Aux termes de l'article 67 de la Constitution du 30 août 2023, tout candidat à la présidentielle doit être centrafricain d'origine et n'avoir que la seule nationalité centrafricaine. Alors vous, vous n'êtes pas binational, vous n'avez que la nationalité centrafricaine, donc a priori vous êtes tout à fait éligible si vous décidez de ne pas boycotter la présidentielle à venir…
Absolument. Je suis éligible parce que mes deux parents ont leur état-civil centrafricain.
Mais ne pourraient pas se présenter à la prochaine élection présidentielle les binationaux comme Anicet-Georges Dologuélé, Crépin Mboli-Goumba, Dominique Yandocka... Est-ce que finalement cette nouvelle Constitution, elle ne fait pas votre affaire puisqu'elle élimine plusieurs des autres candidats de l’opposition ?

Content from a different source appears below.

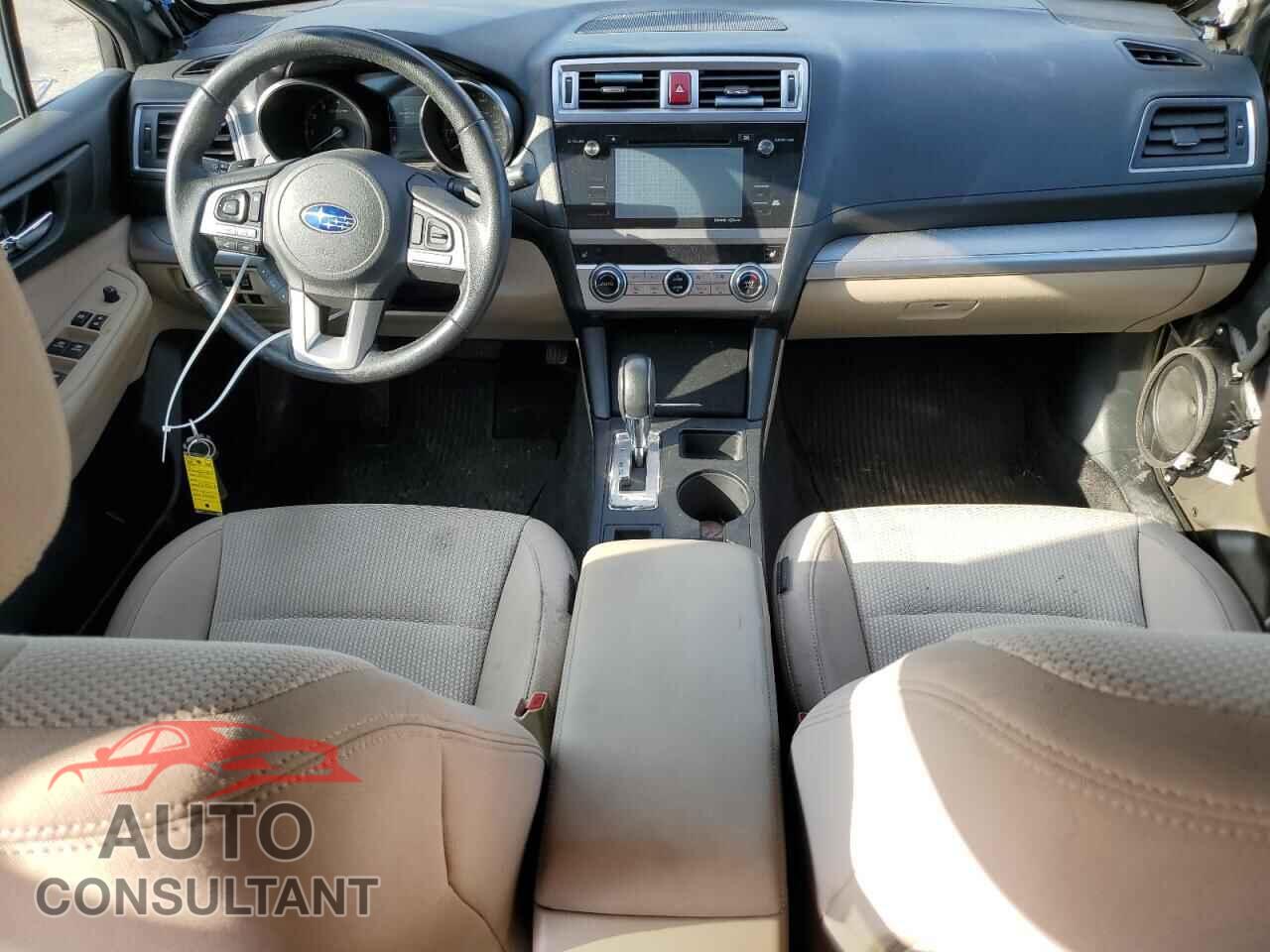 SUBARU OUTBACK 2015 - 4S4BSBEC3F3238087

Mais par principe, le progressiste que je suis ne peut pas accepter qu'on catégorise les Centrafricains par le fait que, dans leur vie ultérieure, après leur naissance, ils aient pris une deuxième ou une troisième nationalité au gré de la vie. Quel est le sens profond d'une telle démarche si ce n'est pas l'exclusion, tout simplement, et un calcul politique pour écarter les uns et les autres ? C'est pour ça que nous ne pouvons pas accepter cette Constitution et cette disposition de la Constitution. C'est pour ça que nous demandons le dialogue politique, parce que les personnes que vous citez, certaines d'entre elles ont été candidates déjà à plusieurs élections, donc elles auraient pu être président de la République.

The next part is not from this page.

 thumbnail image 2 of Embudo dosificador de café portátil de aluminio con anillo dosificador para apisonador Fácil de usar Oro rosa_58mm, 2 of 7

Anicet-Georges Dologuélé a été candidat en 2015, il est passé à deux doigts d'être président de la République. Et est-ce qu’on peut dire à quelqu'un qui a participé à des élections, qui a été même en tête des élections, est-ce qu’on peut lui dire cinq ans après que « vous, vous n'avez plus le droit d'aller aux élections, parce qu’entre temps, nous avons pensé qu’il faut mettre en place une Constitution qui est comme un champignon qui pousse en plein été, on dit, bon, maintenant ceux-là ne peuvent plus postuler ».

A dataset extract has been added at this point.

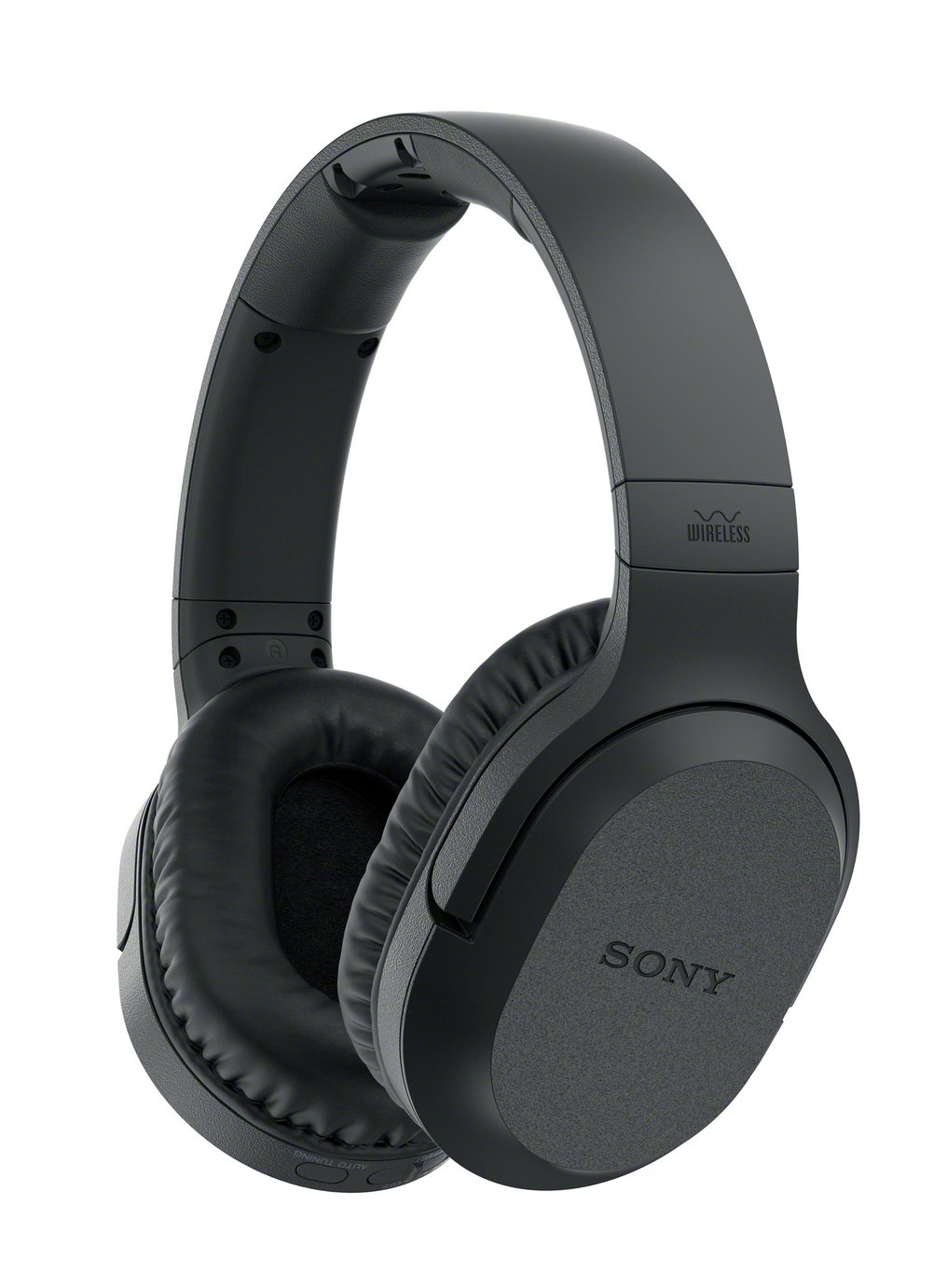 Sony MDR-RF895RK Wireless On-Ear Headphones review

Je vous rappelle que cela a été tenté en 2005 et il a fallu la sagesse du président Bongo pour que tout le monde revienne dans la course. Et cela a été encore retenté en 2011. Et il a fallu la sagesse du président Sassou Nguesso pour que tout le monde revienne dans la course. Et maintenant Touadéra retente ça en 2025 et nous voulons un dialogue politique centrafricain pour régler cette question-là. Il n'est pas question qu'il y ait des élections en Centrafrique en excluant les fils de ce pays sous des prétextes fallacieux.